→ What is being asked
Only the lines below between the ones containing "Spritz cocktail on" and "A resort with", inclusive, are to be reproduced, each exactly as it stands.

======== Data ========

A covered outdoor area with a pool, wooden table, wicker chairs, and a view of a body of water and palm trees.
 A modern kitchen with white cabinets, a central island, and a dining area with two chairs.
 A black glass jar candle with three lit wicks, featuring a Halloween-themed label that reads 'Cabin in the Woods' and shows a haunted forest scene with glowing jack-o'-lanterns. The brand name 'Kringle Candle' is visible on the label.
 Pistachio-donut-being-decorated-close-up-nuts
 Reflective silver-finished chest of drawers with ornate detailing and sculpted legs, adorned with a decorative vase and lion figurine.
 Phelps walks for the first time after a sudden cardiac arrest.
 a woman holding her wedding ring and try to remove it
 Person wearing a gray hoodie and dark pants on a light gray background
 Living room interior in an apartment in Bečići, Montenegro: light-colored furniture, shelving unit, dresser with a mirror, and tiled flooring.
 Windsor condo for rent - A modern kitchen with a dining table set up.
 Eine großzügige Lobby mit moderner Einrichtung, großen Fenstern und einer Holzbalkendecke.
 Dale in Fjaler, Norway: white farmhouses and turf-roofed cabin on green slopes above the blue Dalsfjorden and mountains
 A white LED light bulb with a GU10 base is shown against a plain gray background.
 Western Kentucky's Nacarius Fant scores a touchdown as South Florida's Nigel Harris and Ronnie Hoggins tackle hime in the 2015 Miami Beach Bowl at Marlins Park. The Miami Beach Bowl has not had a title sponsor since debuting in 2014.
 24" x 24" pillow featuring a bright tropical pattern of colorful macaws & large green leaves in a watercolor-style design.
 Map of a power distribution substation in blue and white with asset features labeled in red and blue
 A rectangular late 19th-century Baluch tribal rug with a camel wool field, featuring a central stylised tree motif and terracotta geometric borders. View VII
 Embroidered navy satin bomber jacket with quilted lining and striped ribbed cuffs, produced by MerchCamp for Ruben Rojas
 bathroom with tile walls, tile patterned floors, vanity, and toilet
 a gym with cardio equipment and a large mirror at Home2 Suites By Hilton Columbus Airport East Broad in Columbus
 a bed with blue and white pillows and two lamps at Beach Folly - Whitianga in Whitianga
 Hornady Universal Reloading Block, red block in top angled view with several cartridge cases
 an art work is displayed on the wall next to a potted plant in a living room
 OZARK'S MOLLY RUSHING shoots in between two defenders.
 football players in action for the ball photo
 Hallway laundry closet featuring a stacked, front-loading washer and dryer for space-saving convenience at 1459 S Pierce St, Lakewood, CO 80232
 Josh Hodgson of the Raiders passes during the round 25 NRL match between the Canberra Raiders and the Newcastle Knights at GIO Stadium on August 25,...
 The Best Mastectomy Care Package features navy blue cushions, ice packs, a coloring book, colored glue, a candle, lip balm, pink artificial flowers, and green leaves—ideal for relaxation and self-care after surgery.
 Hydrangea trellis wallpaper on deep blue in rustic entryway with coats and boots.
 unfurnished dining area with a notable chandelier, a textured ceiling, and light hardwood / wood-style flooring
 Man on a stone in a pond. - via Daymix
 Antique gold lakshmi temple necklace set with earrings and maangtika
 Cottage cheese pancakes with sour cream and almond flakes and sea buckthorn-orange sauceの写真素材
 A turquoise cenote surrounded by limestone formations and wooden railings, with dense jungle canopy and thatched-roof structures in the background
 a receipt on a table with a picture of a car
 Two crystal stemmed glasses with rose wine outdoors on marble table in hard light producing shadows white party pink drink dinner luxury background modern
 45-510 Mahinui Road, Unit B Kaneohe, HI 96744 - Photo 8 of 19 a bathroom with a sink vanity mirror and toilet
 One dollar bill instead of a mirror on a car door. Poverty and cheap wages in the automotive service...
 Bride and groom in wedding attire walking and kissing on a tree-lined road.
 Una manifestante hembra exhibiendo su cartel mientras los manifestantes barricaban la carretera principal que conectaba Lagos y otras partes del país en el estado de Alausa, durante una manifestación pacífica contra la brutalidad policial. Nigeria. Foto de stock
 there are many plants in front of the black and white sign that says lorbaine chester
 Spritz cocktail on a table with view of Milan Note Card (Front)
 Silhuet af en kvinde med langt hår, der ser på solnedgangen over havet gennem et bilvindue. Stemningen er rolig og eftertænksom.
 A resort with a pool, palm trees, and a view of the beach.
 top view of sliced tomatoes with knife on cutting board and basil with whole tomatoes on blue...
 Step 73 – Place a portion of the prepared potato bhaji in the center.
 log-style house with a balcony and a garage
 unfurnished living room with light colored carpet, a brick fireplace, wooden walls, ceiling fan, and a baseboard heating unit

========

→ Response below
 Spritz cocktail on a table with view of Milan Note Card (Front)
 Silhuet af en kvinde med langt hår, der ser på solnedgangen over havet gennem et bilvindue. Stemningen er rolig og eftertænksom.
 A resort with a pool, palm trees, and a view of the beach.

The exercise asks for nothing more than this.